* [What needs to be done]
The pictures in the listing below are to be skipped, while the lines between the line holding "Imagem de Mochila" and the line holding "Versace textured short-sleeve", inclusive, are to be output exactly.

* [Material for this exercise]
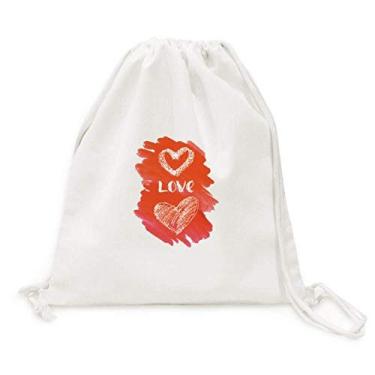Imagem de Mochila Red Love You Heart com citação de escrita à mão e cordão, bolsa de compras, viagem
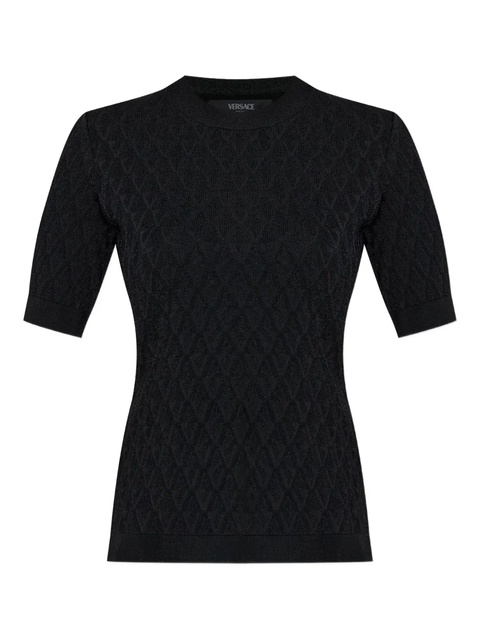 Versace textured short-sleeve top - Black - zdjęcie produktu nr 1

* * *

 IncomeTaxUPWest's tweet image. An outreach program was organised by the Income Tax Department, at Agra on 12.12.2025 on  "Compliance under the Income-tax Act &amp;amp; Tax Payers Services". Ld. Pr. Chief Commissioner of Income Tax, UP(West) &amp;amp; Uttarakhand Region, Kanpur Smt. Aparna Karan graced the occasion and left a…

* * *

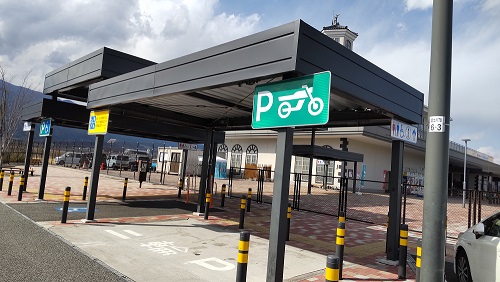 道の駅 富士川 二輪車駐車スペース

* [Output for this task]
Imagem de Mochila Red Love You Heart com citação de escrita à mão e cordão, bolsa de compras, viagem
 Versace textured short-sleeve top - Black - zdjęcie produktu nr 1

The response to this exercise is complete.